Betty Woodman

biography

Betty Woodman in her studio, Antella, Italy, 2004.

"My work for the past 50 years or so has been involved with a sort of “setting the stage” for a performance. At times the theatrics happened at breakfast, dinner or tea; at times the scenery has included flowers in vases in architectural settings. References to other works of art have also always been present as a constant in my practice. Such work is intended to be read with the inclusion of our knowledge of other works of art. These have ranged from Korean folk art painting to Matisse and Bonnard to Classic Greek and Roman vases. Recently, I have been looking at Roman Frescos and various other wall paintings where images of architecture are painted on the actual walls. These give the illusion, with their columns and windows, of architecture within architecture. I have also observed how often these frescos include images of vases…There are a series of cross-references in ceramic, wood, glaze and paint which return us to the “theatrical” domain of the wall pieces. We go to the theater to see plays and “play” is fundamental to the spirit of my recent work. Character, mise en scene, costume, plot and denouement are all important here. I am playing with play."

- Betty Woodman, 2010

Betty Woodman working in her studio.
Betty Woodman circa 1960s.

Betty Woodman (1930 - 2018) began her nearly seventy-year engagement with clay in the 1950s as a functional potter with the aim of creating beautiful objects to enhance everyday life. In the 1960s, the vase form became Woodman’s subject, product, and muse. In deconstructing and reconstructing its form, she created an exuberant and complex body of ceramic sculpture, drawings, and prints. Their signature is her reflection of a wide range of influences and traditions and an inventive use of color. Many of these traditions Woodman experienced first-hand: she traveled extensively, finding inspiration in cultures around the world.
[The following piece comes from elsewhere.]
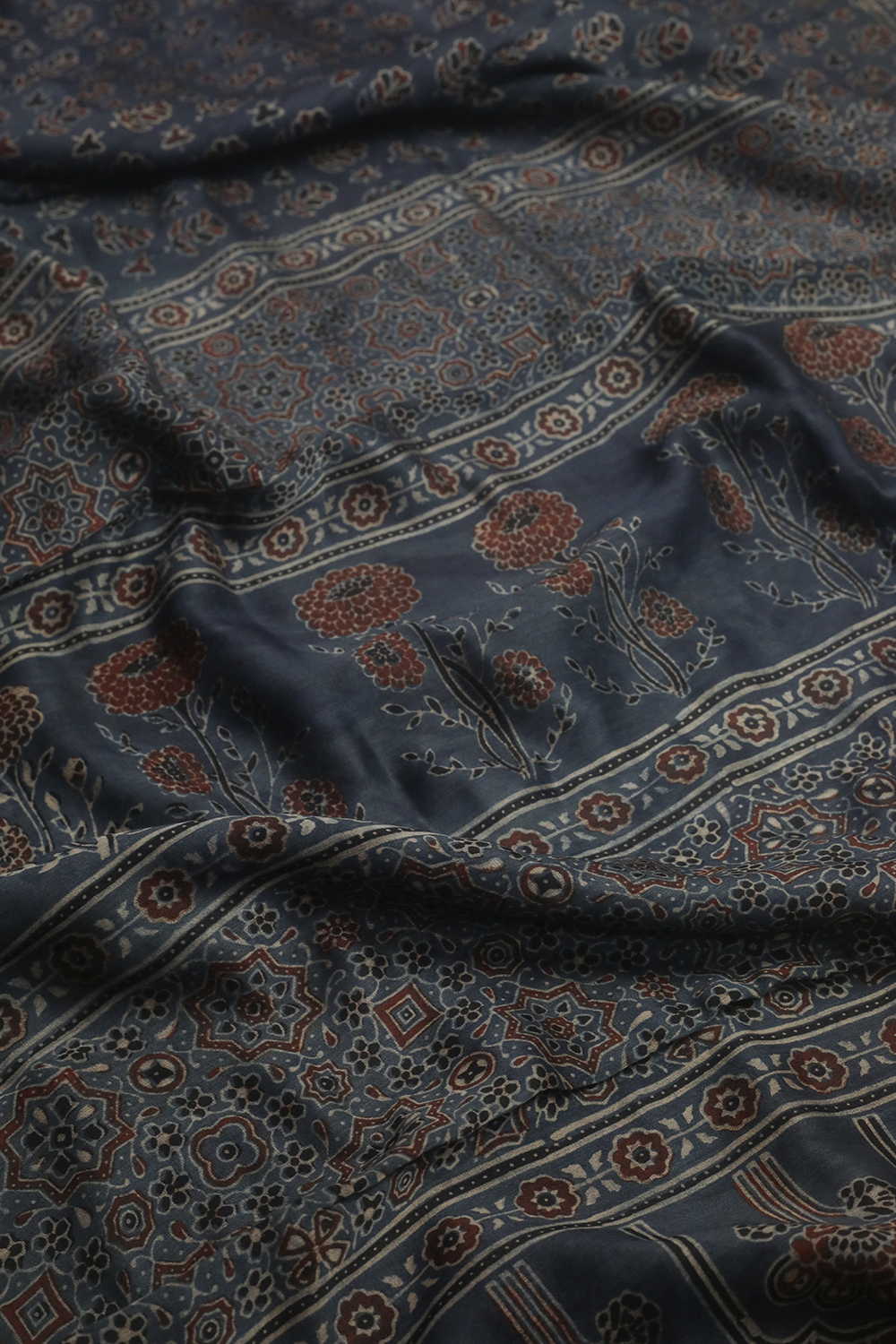 Sarees - Matkatus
Woodman was born in Norwalk, Connecticut, raised in Newton, Massachusetts, and studied ceramics at The School for American Craftsmen in Alfred, New York from 1948-1950. She traveled to Italy for the first time in 1951, solo, having worked to save just enough money to buy an ocean liner ticket. Woodman found her way to Fiesole, and an unplanned apprenticeship in the studio of Giorgio Ferrero and Lionello Fallacara that altered and clarified the course of her work. She returned to Italy several times in the 1950s and 60s. She married George Woodman in 1953 and they moved to Boulder, Colorado in 1956. She returned to Florence in 1966 when she received a Fulbright-Hays Scholarship. In 1968, she and George bought a farmhouse in Antella, Italy, which profoundly affected her work and where they and their children spent significant time throughout their lives.

Betty Woodman working in her studio.
Betty Woodman working on drawing for "Bronze Bench #1," 1999.

Woodman had her first one-person exhibition at the Joslyn Art Museum in Omaha, Nebraska in 1970. She taught at the University of Colorado, Boulder from 1978 - 1998 and later became Professor Emeritus. When she and George bought a loft in New York City in 1980, she decided to stop making functional pottery and began showing her sculptures at contemporary galleries in New York and Los Angeles.

Numerous awards followed including National Endowment for the Arts Fellowships in 1980 and 1986. In 1992, Woodman had solo exhibitions at the Wadsworth Atheneum, Hartford, Connecticut and Institute of Contemporary Art, Philadelphia. She received a Rockefeller Foundation Fellowship at the Bellagio Study Center, Bellagio, Italy in 1995 and had her first major international solo museum exhibition at the Stedelijk Museum, Amsterdam in 1996. From 1998 until her death, she lived and worked between New York and Antella. Woodman was the subject of the first solo exhibition by a living woman artist at the Metropolitan Museum of Art, New York in 2006. She received honorary doctorates from the Nova Scotia College of Art and Design in 2006, University of Colorado in 2007 and Rhode Island School of Design in 2009, as well as the Brooklyn Museum Modernism Award for Lifetime Achievement in 2008. Woodman completed major commissions at the U.S. Embassy in Beijing for the State Department’s Art in Embassies program in 2008 and the U.S. Courthouse in Jefferson City, Missouri through the General Services Administration in 2012. Major solo exhibitions followed at the Institute of Contemporary Arts, London in 2016 and K11 Art Foundation, Shanghai in 2018.

Betty Woodman in studio.
Betty Woodman in her studio, Antella, Italy, 2012.

Betty Woodman’s work is included in more than fifty public collections including the Metropolitan Museum of Art, New York; Museum of Modern Art, New York; Whitney Museum of American Art, New York; Museum of Fine Arts, Boston; National Gallery of Art, Washington, D.C.; Philadelphia Museum of Art; Victoria and Albert Museum, London, England; Musée des Arts Decoratifs Paris, France; and Museu Nacional do Azulejo, Lisbon, Portugal.